Actually, it started as Mexican civil war in 1834, with the states divided between federalists* adhering to the constitution of 1824 and centrallists supporting a stronger national government and Santa Anna's internal coup of abrogating the constitution and dismissing the congress. By 1836 Santa Anna Had smashed the other state on Coahuila y Tejas's side(the federalists), the last two being Zacetecas and the Coahuila part of Coahuila yTejas (the two areas had been combined as a state a few years earlier, after starting as separate territories). The remaining federalists in Texas had the choice of giving up or declaring independence, with more recent arrivals of course favoring independence. So it is more like a civil war split, with the USA picking up the surviving splitter a decade later.

*opposing Santa Anna were: Coahuila y Tejas, San Luis Potosí, Querétaro, Durango, Guanajuato, Michoacán, Yucatán, Jalisco, Nuevo León, Tamaulipas, Yucatan and Zacatecas.
Man, I miss the civil wars from Civ II. You could play the WWII scenario as the Neutrals and end up splitting the Russians, Axis and Allies.
 
More of an infiltration. Culture bombs do occur occasionally, as when Nicomedus IV willed Bithynia to Rome
 
Cultural expansion is an invented game mechanic included in the game to represent the gradual absorption of surrounding cultures by a dominant culture or population or ethnic group or what have you. The Texas example can probably be called a real life culture bomb in this sense, but as others have pointed out this is a gross simplification that's not adequate when you actually look into it.
 
Keywords:

The remaining federalists in Texas had the choice of giving up or declaring independence, with more recent arrivals of course favoring independence. So it is more like a civil war split, with the USA picking up the surviving splitter a decade later.

Edit:
It was a civil war that we took advantage of. But I'm just saying that for (American-born) Texans, a big part of the reason to split and fight a civil war were the differences they had with Mexico as a result of coming from the US originally. That's a culture bomb in my opinion.

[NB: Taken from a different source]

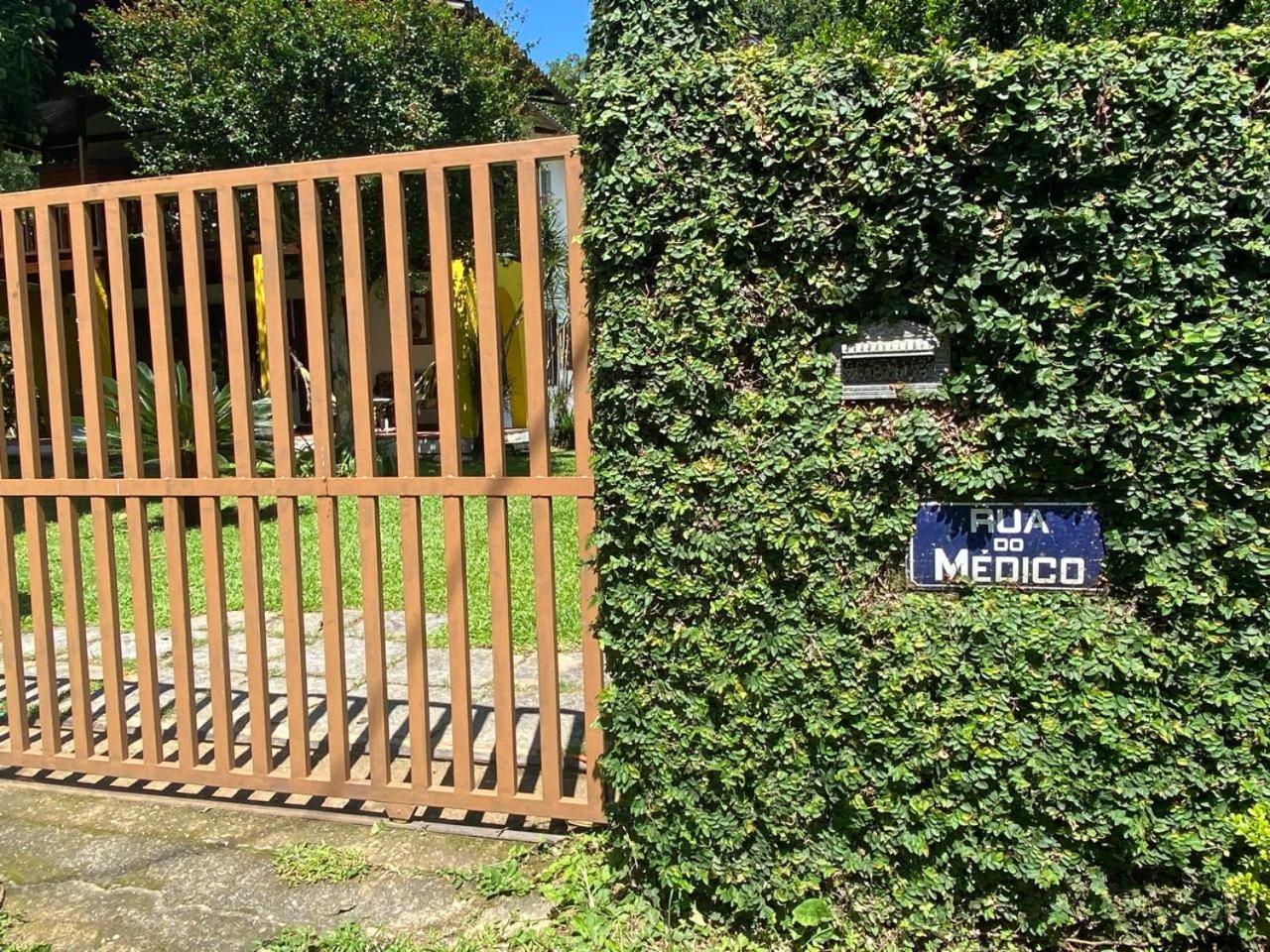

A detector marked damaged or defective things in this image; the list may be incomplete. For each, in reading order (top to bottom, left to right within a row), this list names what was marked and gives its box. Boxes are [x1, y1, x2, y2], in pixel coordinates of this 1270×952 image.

rusty metal gate [0, 136, 603, 825]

OT - were areas like California, New mexico, etc. orginally Mexican states like say, Chihuahua, or were they more like unicorporated territories?
 
Keywords:OT - were areas like California, New mexico, etc. orginally Mexican states like say, Chihuahua, or were they more like unicorporated territories?

California and NM were one autonomous territory (Alta California). Texas was part of Coahuila which was a state.